Pendukung Gerakan 212 Pilih Siapa di Pilpres 2024? Ini Hasil Survei SMRC
JAKARTA – Sebanyak 42 persen pendukung gerakan 212 memilih Anies Baswedan, 35 persen mendukung Prabowo Subianto, hanya 18 persen memilih Ganjar Pranowo, dan masih ada 4 persen tidak menjawab.
Demikian temuan survei Saiful Mujani Research and Consulting (SMRC) pada 31 Juli-11 Agustus 2023 yang disampaikan pendiri SMRC, Prof. Saiful Mujani, dalam program ‘Bedah Politik bersama Saiful Mujani’ episode “Kelompok 212 dan Pilpres 2024” yang disiarkan melalui kanal YouTube SMRC TV pada Kamis, 21 September 2023.
Saiful menjelaskan bahwa gerakan 212 terjadi pada 2 Desember 2016. Saat itu terjadi demonstrasi besar, ramai, dan berjalan dengan cukup baik atau damai. Menurut Saiful, hal itu mengindikasikan sesuatu yang penting untuk kebebasan dan demokrasi di Indonesia.
Tuntutan utama dari demonstrasi itu adalah agar Basuki Thahaja Purnama atau Ahok dipenjara. Menurut Saiful, gerakan 212 tersebut cukup sukses. Lepas dari kontroversi proses hukumnya, yang pasti Ahok masuk penjara 2 tahun.

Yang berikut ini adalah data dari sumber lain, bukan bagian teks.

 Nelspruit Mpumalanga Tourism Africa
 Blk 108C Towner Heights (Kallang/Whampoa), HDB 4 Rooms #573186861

Namun sukses ini kemudian merembet ke gerakan politik berikutnya. Gerakan ini terlibat atau engage dalam Pemilu 2019. Para pendukung atau setidak-tidaknya elit gerakan 212 pada waktu itu mendukung Prabowo. Sekarang kecenderungannya belum ada keputusan definitif gerakan 212 ini akan mendukung siapa.
Namun, menurut Saiful, pertama-tama perlu diketahui seberapa besar publik yang memiliki sikap dan pandangan yang positif terhadap gerakan 212. Sikap dan dukungan itu ditunjukkan dengan setidak-tidaknya dengan persetujuan pada apa yang dilakukan oleh gerakan 212.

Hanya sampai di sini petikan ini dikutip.